**PROMPT:** Reproduce the listing in its entirety. Do not reproduce the pictures.

----- DATA

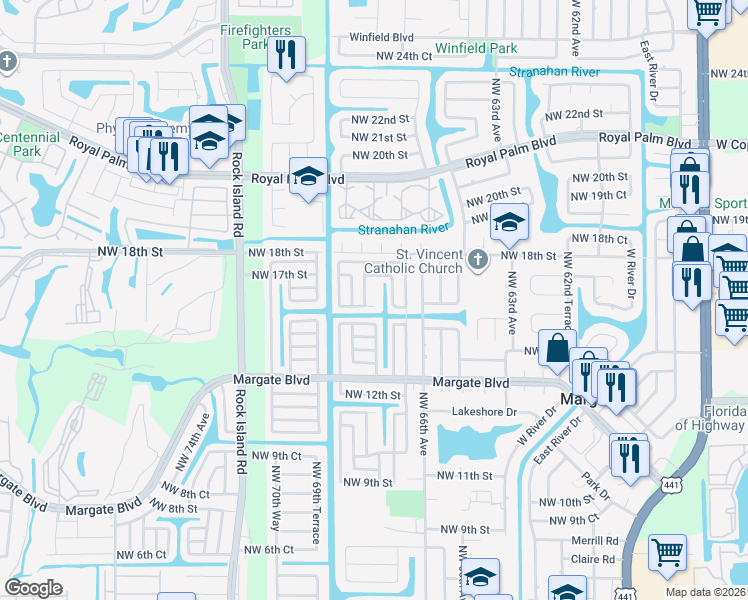 map of restaurants, bars, coffee shops, grocery stores, and more near 6775 Northwest 16th Street in Margate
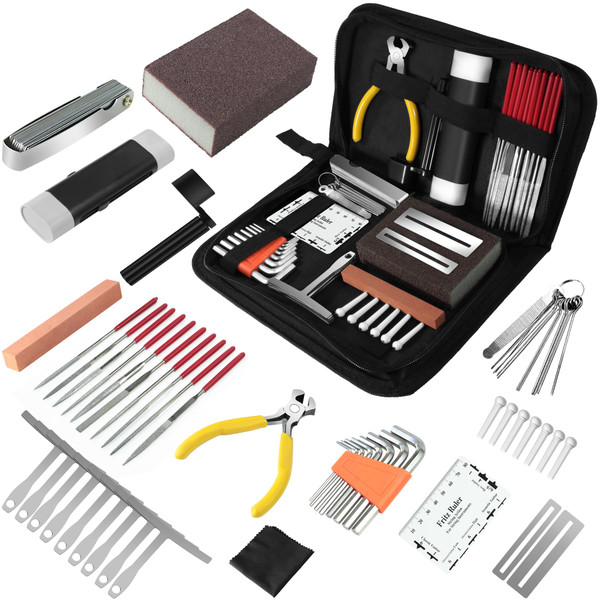 45Pcs Guitar Tool Kit, Guitar Repair Kit, Guitar Setup Kit, Luthier Tools Guitar Kit, Guitar Maintenance Kit Guitar Fret Tools, TIMDAM Guitar Accessories for Ukulele Bass Guitar Gifts for Musicians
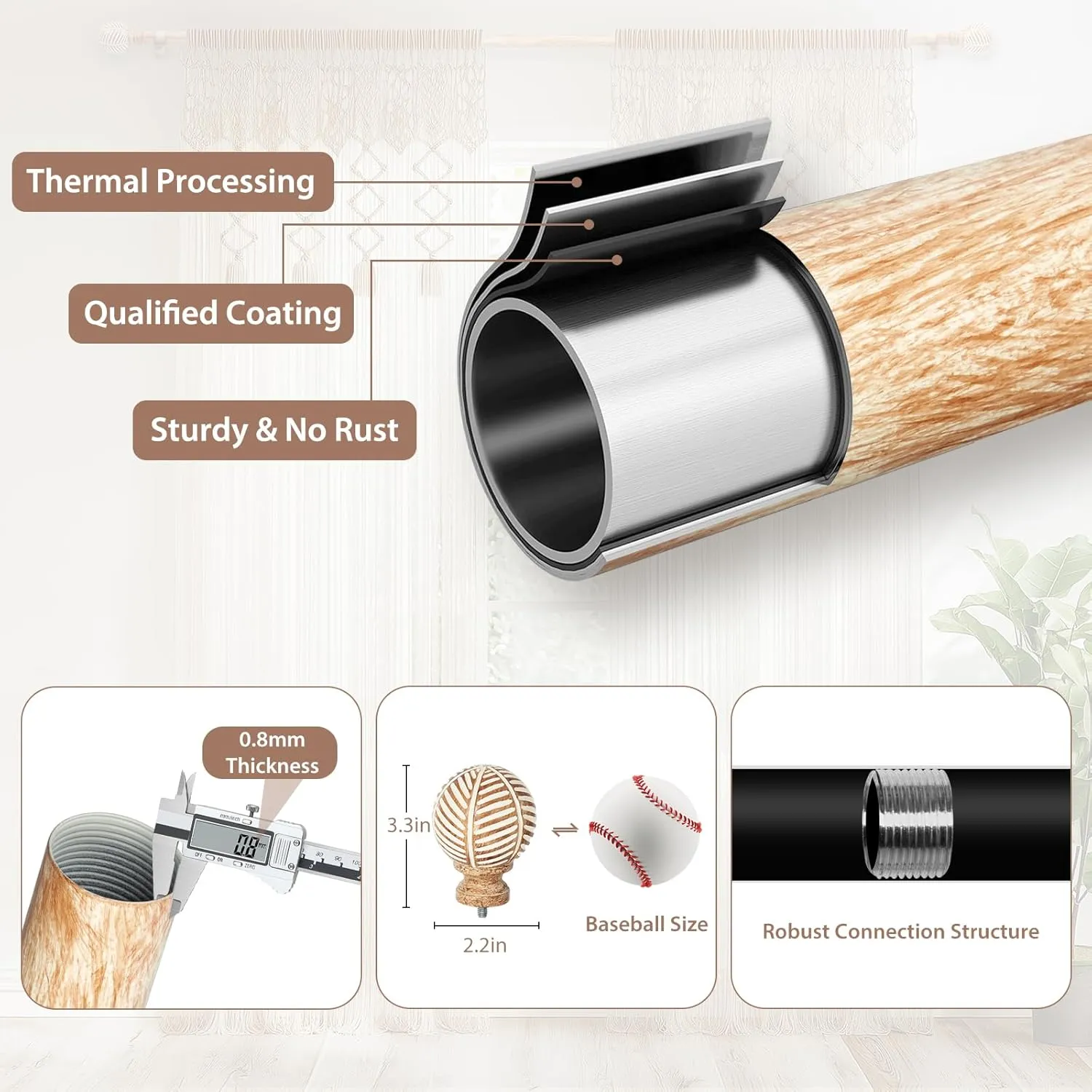 Zeerobee Wood Curtain Rods for Windows 48 to 84, 1 Inch Heavy Duty Drapery Rods with Imitation Wood Grain Leaf Pattern Finials, Indoor/Outdoor Modern Curtain Pole, 32"-86", Brown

----------

**THE COMPLETED TASK:**
 map of restaurants, bars, coffee shops, grocery stores, and more near 6775 Northwest 16th Street in Margate
 45Pcs Guitar Tool Kit, Guitar Repair Kit, Guitar Setup Kit, Luthier Tools Guitar Kit, Guitar Maintenance Kit Guitar Fret Tools, TIMDAM Guitar Accessories for Ukulele Bass Guitar Gifts for Musicians
 Zeerobee Wood Curtain Rods for Windows 48 to 84, 1 Inch Heavy Duty Drapery Rods with Imitation Wood Grain Leaf Pattern Finials, Indoor/Outdoor Modern Curtain Pole, 32"-86", Brown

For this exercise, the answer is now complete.